[Crawled caption data]
□ □ □
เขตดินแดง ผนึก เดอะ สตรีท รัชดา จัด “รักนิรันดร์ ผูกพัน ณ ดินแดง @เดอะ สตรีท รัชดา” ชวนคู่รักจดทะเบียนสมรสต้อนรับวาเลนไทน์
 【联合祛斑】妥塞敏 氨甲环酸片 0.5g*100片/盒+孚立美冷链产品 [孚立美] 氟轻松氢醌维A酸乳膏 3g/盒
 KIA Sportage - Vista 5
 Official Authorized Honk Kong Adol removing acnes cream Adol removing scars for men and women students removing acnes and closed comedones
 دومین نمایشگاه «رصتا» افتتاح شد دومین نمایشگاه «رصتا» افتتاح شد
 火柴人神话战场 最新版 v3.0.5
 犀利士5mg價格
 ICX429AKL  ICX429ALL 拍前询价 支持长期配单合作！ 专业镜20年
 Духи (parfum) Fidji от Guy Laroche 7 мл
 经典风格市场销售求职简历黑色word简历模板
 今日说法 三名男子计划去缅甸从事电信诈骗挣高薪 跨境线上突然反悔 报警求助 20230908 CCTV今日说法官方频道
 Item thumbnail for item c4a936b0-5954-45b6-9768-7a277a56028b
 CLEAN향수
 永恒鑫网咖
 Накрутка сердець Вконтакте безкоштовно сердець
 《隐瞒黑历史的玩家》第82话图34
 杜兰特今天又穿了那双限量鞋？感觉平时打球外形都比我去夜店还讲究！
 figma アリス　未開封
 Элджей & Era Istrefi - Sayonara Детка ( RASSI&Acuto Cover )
□ □ □
• Your task
Each record above needs to be reproduced exactly as written.

• Answer to the problem
เขตดินแดง ผนึก เดอะ สตรีท รัชดา จัด “รักนิรันดร์ ผูกพัน ณ ดินแดง @เดอะ สตรีท รัชดา” ชวนคู่รักจดทะเบียนสมรสต้อนรับวาเลนไทน์
 【联合祛斑】妥塞敏 氨甲环酸片 0.5g*100片/盒+孚立美冷链产品 [孚立美] 氟轻松氢醌维A酸乳膏 3g/盒
 KIA Sportage - Vista 5
 Official Authorized Honk Kong Adol removing acnes cream Adol removing scars for men and women students removing acnes and closed comedones
 دومین نمایشگاه «رصتا» افتتاح شد دومین نمایشگاه «رصتا» افتتاح شد
 火柴人神话战场 最新版 v3.0.5
 犀利士5mg價格
 ICX429AKL  ICX429ALL 拍前询价 支持长期配单合作！ 专业镜20年
 Духи (parfum) Fidji от Guy Laroche 7 мл
 经典风格市场销售求职简历黑色word简历模板
 今日说法 三名男子计划去缅甸从事电信诈骗挣高薪 跨境线上突然反悔 报警求助 20230908 CCTV今日说法官方频道
 Item thumbnail for item c4a936b0-5954-45b6-9768-7a277a56028b
 CLEAN향수
 永恒鑫网咖
 Накрутка сердець Вконтакте безкоштовно сердець
 《隐瞒黑历史的玩家》第82话图34
 杜兰特今天又穿了那双限量鞋？感觉平时打球外形都比我去夜店还讲究！
 figma アリス　未開封
 Элджей & Era Istrefi - Sayonara Детка ( RASSI&Acuto Cover )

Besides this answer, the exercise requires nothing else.